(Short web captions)
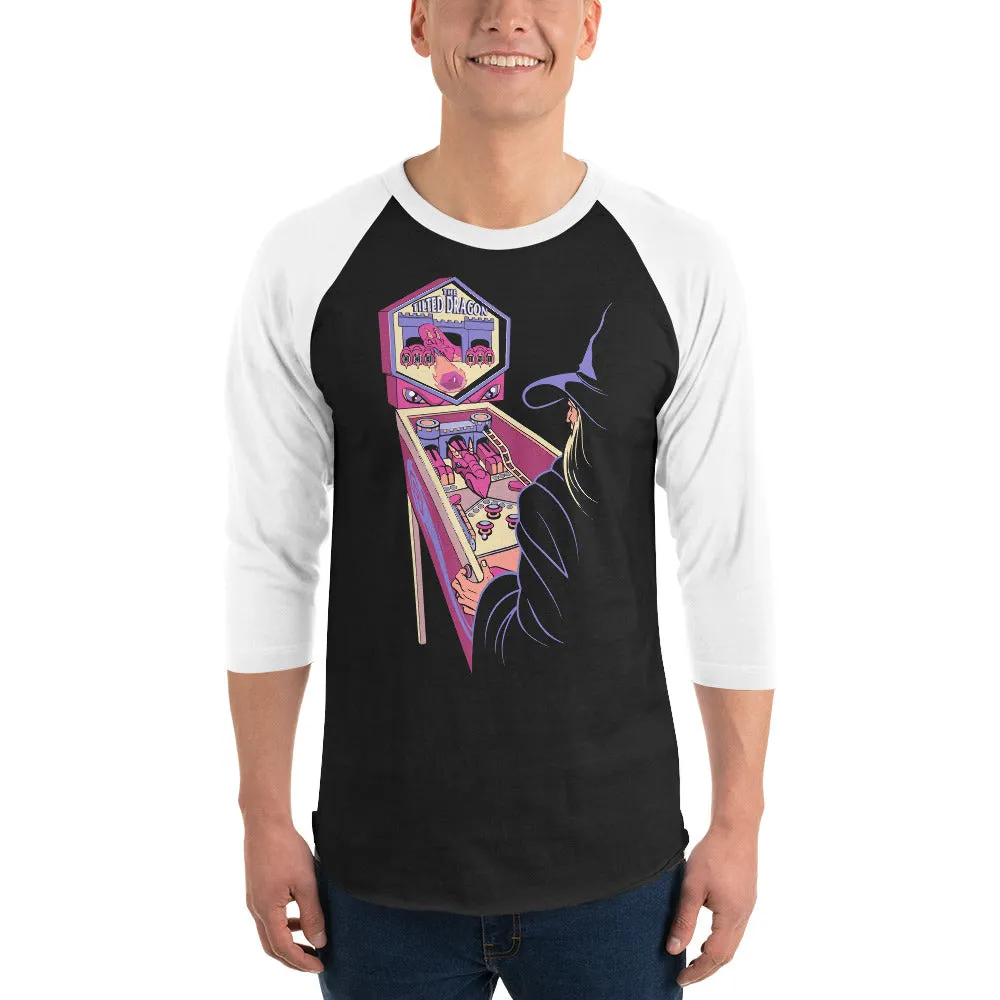 Pinball Wizard 3/4 Sleeve Raglan Shirt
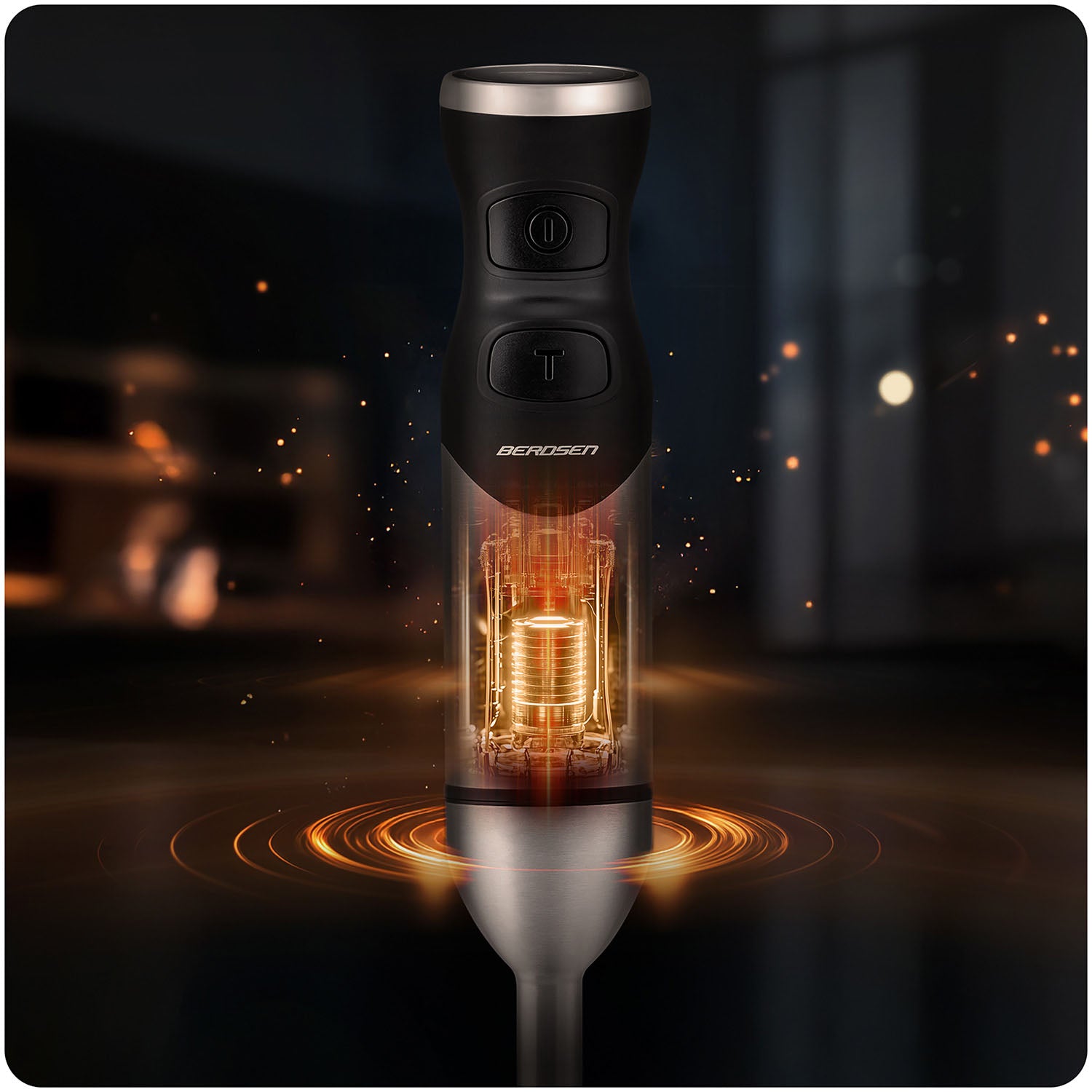 1500 W BD-753 Berdsen rankinis maišytuvas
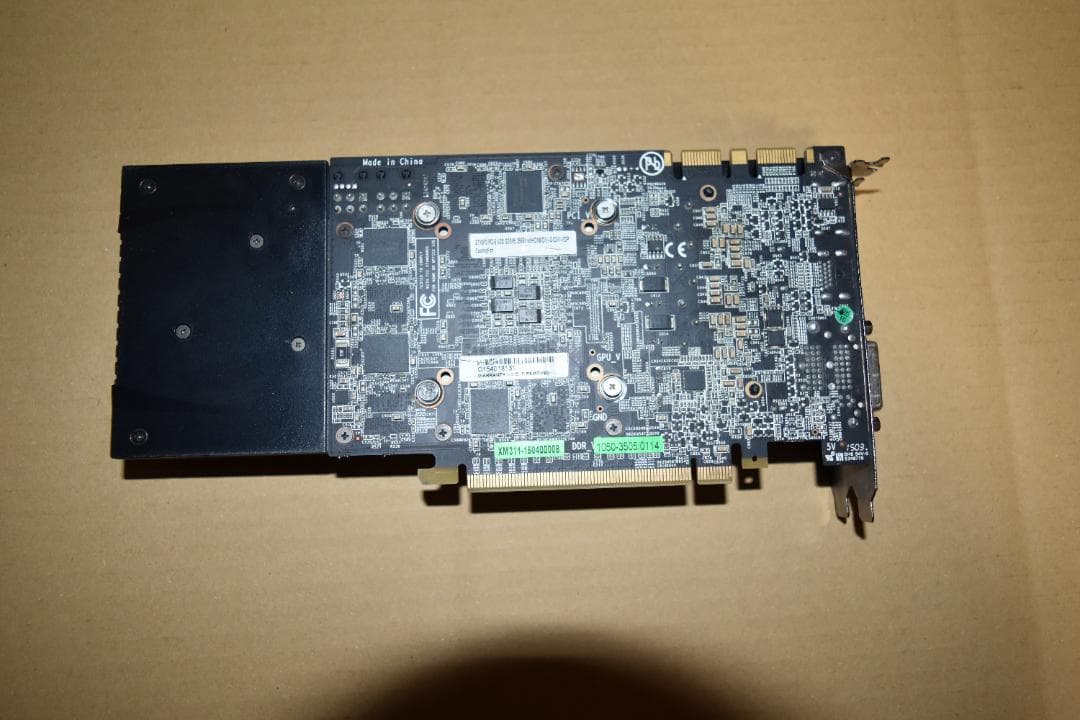 NVIDIA製GeForce GTX970 4G 動作確認済み
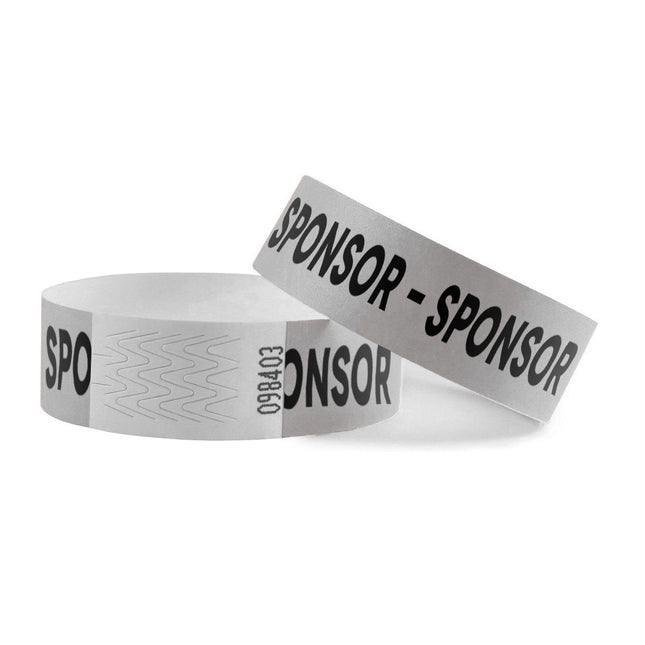 Sponsor Tyrex wristbands - 100 pcs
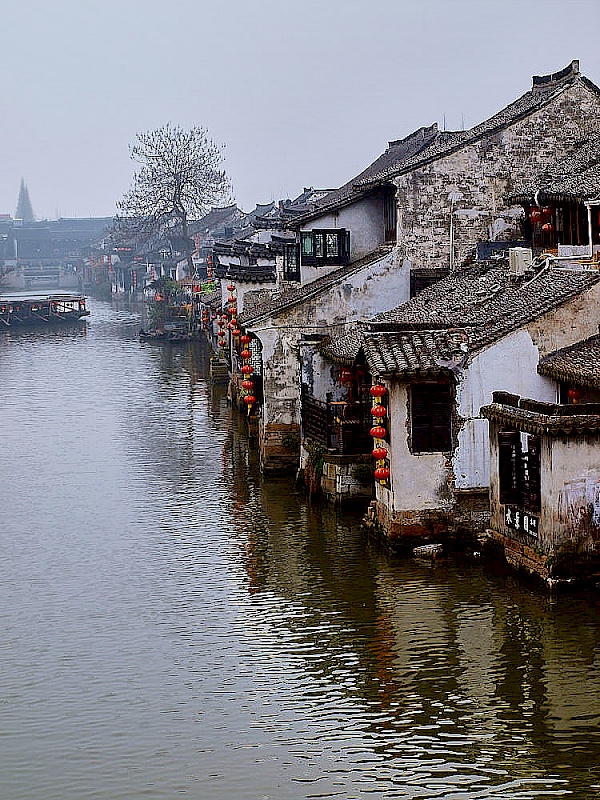 Die Wasserstadt Xitang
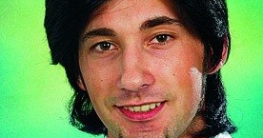 Perücke „John“, für Männer, blond oder schwarz - 1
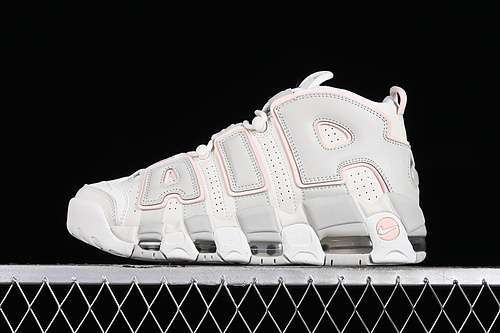 【330】[DV1137-101]-[AIR MORE UPTEMPO 96 QS WHITE/GREY/PINK]-[WOMAN:36-39]-[MAN:40-46]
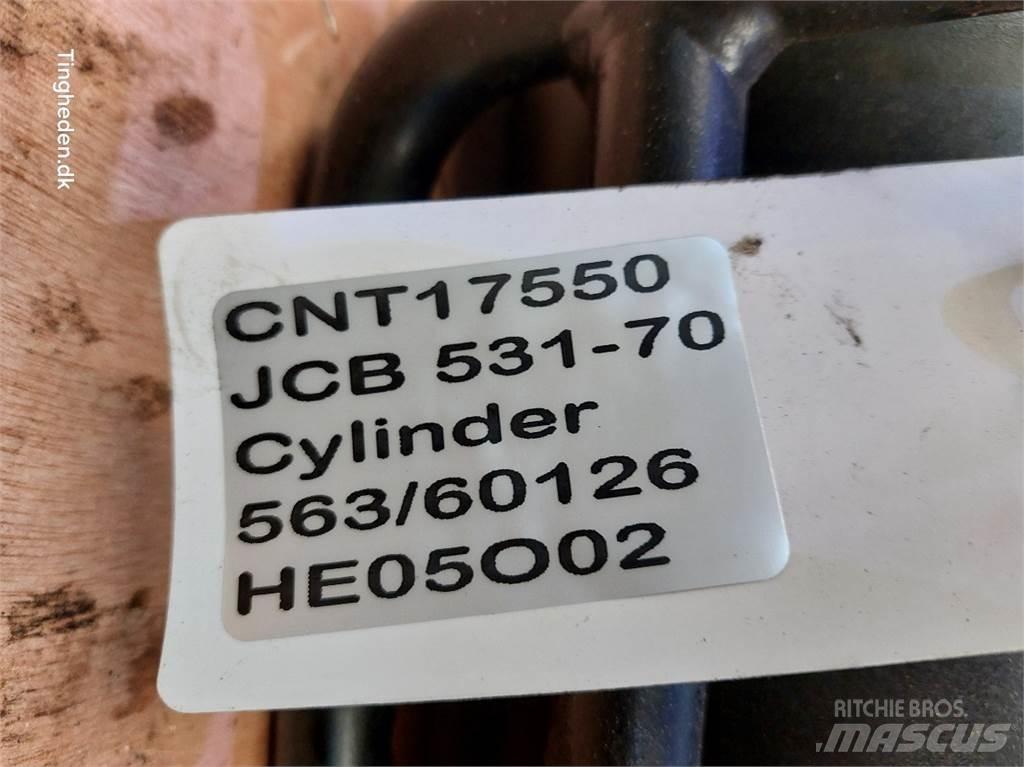 JCB 531-70 هيدروليات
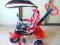 ROWEREK SMART TRIKE LEONARDO DX CZERWONY 3 W 1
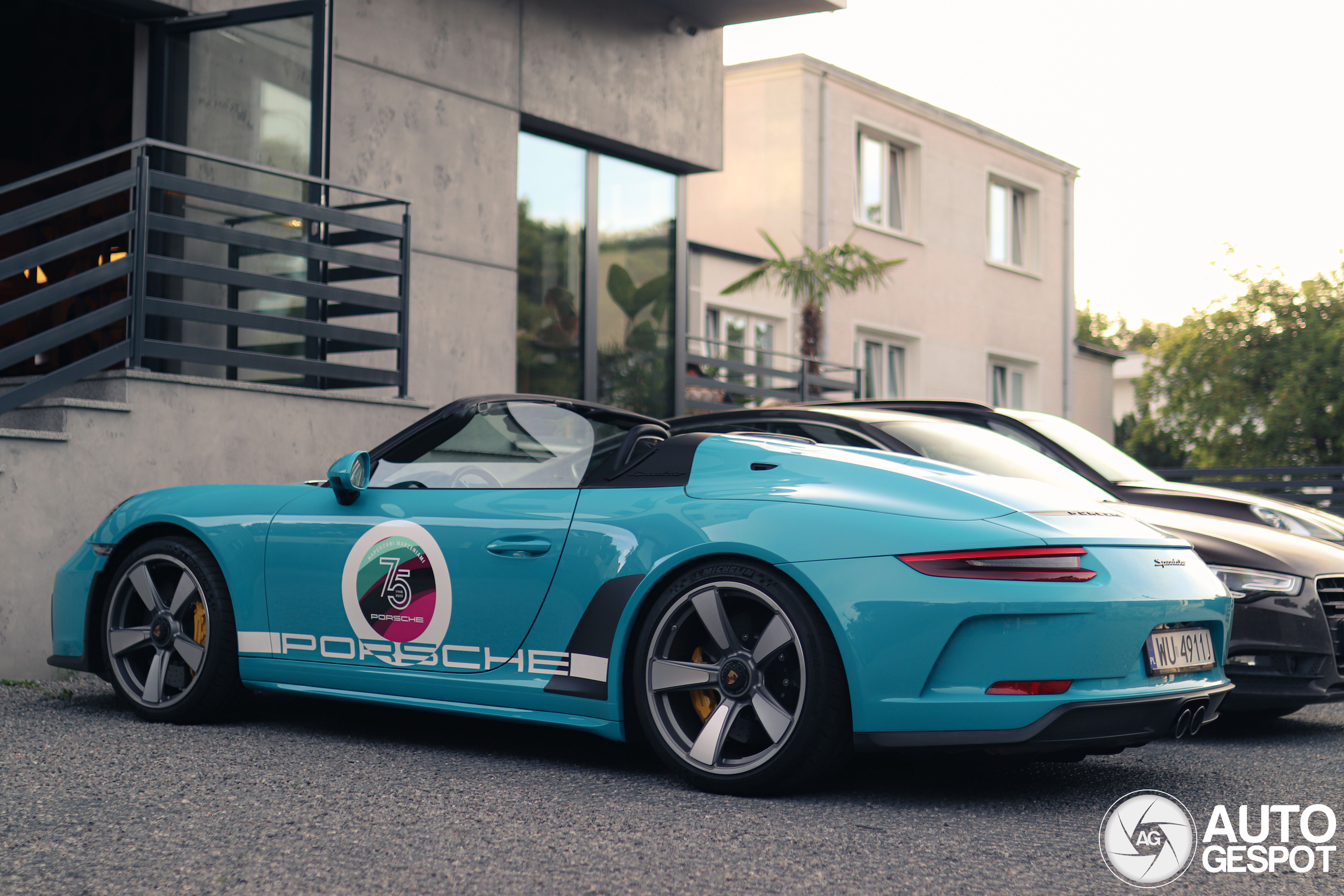 Porsche 991 Speedster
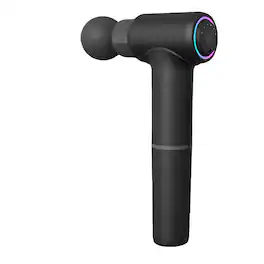 Cluzine - Deep Tissue Massage Gun, 6 Speeds 4 Heads, Long Battery Life for Gym Home Office
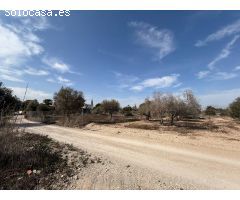 PARCELA URBANIZABLE EN ZONA CAMI EL DE MARCO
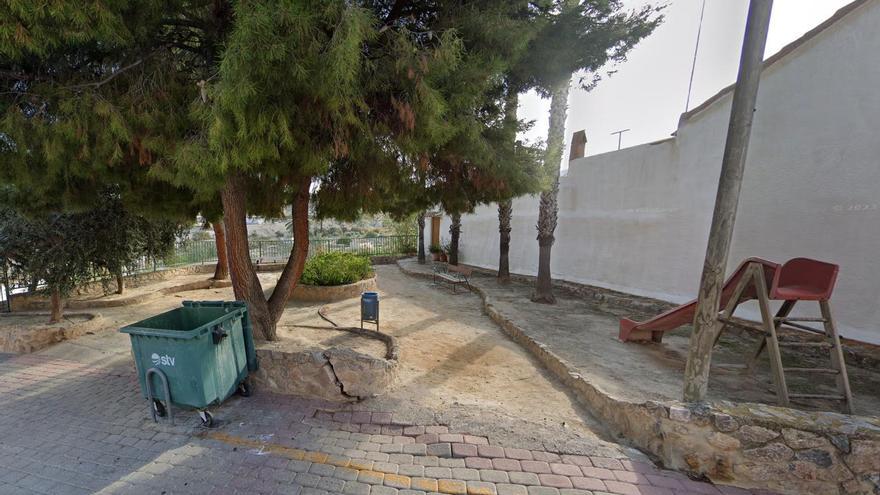 La plaza de la calle Murcia será un área recreativa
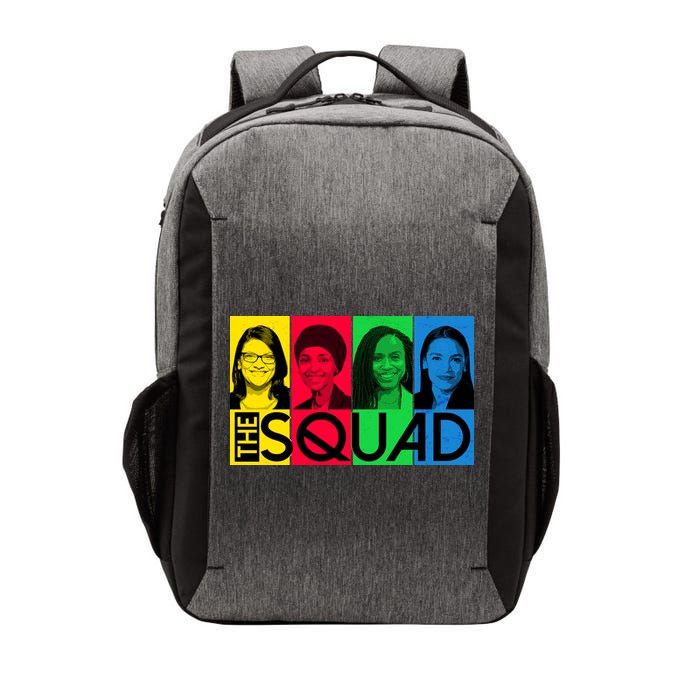 The Squad AOC Ilhan Omar Tlaib Pressley Vector Backpack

TASK GOAL: Type the records out again in full, exactly, with each picture omitted.

ANSWER SPACE:
 Pinball Wizard 3/4 Sleeve Raglan Shirt
 1500 W BD-753 Berdsen rankinis maišytuvas
 NVIDIA製GeForce GTX970 4G 動作確認済み
 Sponsor Tyrex wristbands - 100 pcs
 Die Wasserstadt Xitang
 Perücke „John“, für Männer, blond oder schwarz - 1
 【330】[DV1137-101]-[AIR MORE UPTEMPO 96 QS WHITE/GREY/PINK]-[WOMAN:36-39]-[MAN:40-46]
 JCB 531-70 هيدروليات
 ROWEREK SMART TRIKE LEONARDO DX CZERWONY 3 W 1
 Porsche 991 Speedster
 Cluzine - Deep Tissue Massage Gun, 6 Speeds 4 Heads, Long Battery Life for Gym Home Office
 PARCELA URBANIZABLE EN ZONA CAMI EL DE MARCO
 La plaza de la calle Murcia será un área recreativa
 The Squad AOC Ilhan Omar Tlaib Pressley Vector Backpack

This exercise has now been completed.